I am not sure, but things can always improve. We are addressing the need for awareness at several levels. We are doing that in settings such as this, with elected members, and in the public domain, through the press and media. For example, we have been fairly vociferous in the debate about the antisocial behaviour strategy in trying to ensure that young people's views are heard in the public debate. We also need to address awareness at local level and we are developing local partnerships between the voluntary and statutory sectors. Both sides can benefit from that through sharing information, awareness of what is going on, resources and expertise. It will be a critical element of the national youth work strategy in due course.
I reinforce that. I work directly with local authorities' education and leisure departments, and I spend a lot of time promoting the fact that there are youth organisations out there with which they could link. It is incredible that the departments do not make those contacts with the people who are working with the young people.

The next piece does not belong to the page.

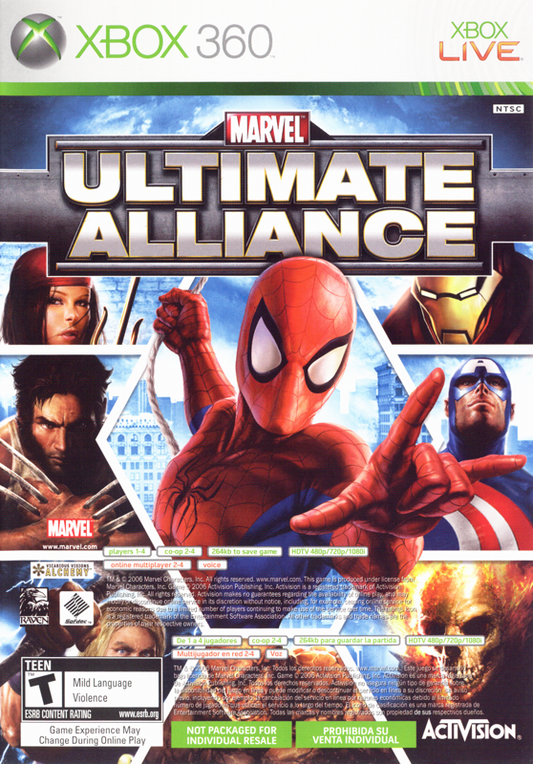 Marvel Ultimate Alliance / Forza Motorsport 2: Combo Pack | Xbox 360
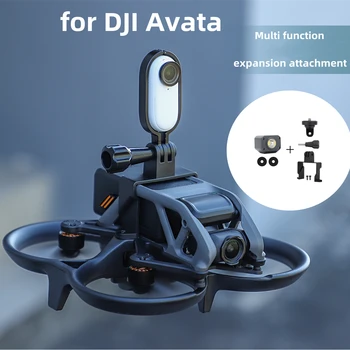 DJI Avata Drone Superior Farol de Câmara parte Superior do Suporte do Adaptador de Câmara Braçadeira de Suporte para GoPro10/Insta360 Ir 2/Go3/DJI Ação 3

There is a lot of work to be done in promoting youth work, as Simon Jaquet said, and in ensuring that resources are shared and used effectively. There is often a lack of awareness that organisations exist locally; building local infrastructures and networks is very important.
This afternoon, for the first time, the chief officers of the national voluntary youth organisations will meet the local authorities' managers with responsibility for local youth work. About 40 to 50 people from both sectors will take part in a meeting that YouthLink Scotland has convened. To give you a flavour of what is on the agenda, I will mention some of the issues that are going to be addressed. The first is child protection and the ways in which both sectors can work together effectively to ensure the protection of children. Young people's involvement in the community planning process is clearly central to that, as is the role of dialogue youth and other such initiatives. There will also be some debate about the mapping of youth work in Scotland, to which I have already alluded.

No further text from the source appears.